On the top left, we have the canonical gauges themselves.

These gauges range from low, high, and very high, and represent the average energy impact of your app at an instantaneous moment.

It’s important to know that where the gauge actually falls doesn’t necessarily mean good or bad.

It means that whatever your app is doing, it’s consuming this much relative amount of energy.

It’s important because it’s up to you as an app developer to think about your use case and whether or not you would expect it to do that.

To the right of that, we have the average component utilization, and this is going to be a pie chart that shows you all of the different components relative to the total amount of energy that you’re consuming, what percentage those components are consuming.
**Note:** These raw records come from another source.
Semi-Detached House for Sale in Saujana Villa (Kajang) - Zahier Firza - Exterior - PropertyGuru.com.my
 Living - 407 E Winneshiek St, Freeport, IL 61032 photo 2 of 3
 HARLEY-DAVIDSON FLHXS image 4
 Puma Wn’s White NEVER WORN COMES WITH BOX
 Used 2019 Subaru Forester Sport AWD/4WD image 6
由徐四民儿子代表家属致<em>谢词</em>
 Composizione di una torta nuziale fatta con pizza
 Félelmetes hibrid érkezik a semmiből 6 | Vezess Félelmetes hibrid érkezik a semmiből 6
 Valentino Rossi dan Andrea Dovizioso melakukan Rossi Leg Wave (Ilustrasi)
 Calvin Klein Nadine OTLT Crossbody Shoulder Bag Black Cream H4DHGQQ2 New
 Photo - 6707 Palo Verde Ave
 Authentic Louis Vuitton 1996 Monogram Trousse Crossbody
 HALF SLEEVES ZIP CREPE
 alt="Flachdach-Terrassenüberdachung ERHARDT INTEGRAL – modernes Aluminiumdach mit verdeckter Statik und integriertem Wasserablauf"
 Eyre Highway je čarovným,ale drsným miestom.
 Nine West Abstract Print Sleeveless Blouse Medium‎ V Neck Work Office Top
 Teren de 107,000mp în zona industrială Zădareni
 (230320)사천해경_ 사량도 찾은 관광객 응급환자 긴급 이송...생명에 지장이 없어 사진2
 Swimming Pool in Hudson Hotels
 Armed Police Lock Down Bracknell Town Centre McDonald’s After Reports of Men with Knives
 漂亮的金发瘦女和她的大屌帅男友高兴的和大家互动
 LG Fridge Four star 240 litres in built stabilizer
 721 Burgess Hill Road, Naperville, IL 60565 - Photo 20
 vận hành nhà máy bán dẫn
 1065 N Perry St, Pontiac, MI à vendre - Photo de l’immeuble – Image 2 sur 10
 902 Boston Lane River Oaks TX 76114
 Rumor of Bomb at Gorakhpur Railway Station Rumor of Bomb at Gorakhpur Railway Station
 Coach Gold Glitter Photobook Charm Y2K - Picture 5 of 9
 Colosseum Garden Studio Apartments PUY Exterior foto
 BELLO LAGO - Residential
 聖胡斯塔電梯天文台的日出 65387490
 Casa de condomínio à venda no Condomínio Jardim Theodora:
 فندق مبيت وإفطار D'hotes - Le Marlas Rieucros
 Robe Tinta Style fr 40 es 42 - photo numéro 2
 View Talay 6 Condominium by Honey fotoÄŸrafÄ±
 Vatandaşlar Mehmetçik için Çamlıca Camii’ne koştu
This is really useful because it’s representative of those subsystems we talked about earlier, and it helps to identify if you have an excess amount of overhead or maybe if one component is taking too much energy, and you don’t expect it.

And then, immediately below that, building off of the average component utilization chart, we have a time series that represents the average utilization of each component as your app is running in real time.

We could also see here that you have the state that your app is actually running in, foreground and background, and also it would list suspended.

This is a really awesome tool for understanding how your app is behaving in real time.

So, as I said, the energy gauges are really great for doing high-level characterization work and rapid profiling.

That’s the key.

When you’re iterating on your code, you’re trying to get something to work as an app developer, and you’re trying to put something together, it may not seem immediately clear how you could really think about energy, but the gauges are a great way to start.

But let’s say that you’ve done that and the gauges aren’t really enough for you.

That’s where the instruments come in, and directly through the energy gauge’s UI, we have access to three instruments that we think best correlate to the subsystems we talked about before.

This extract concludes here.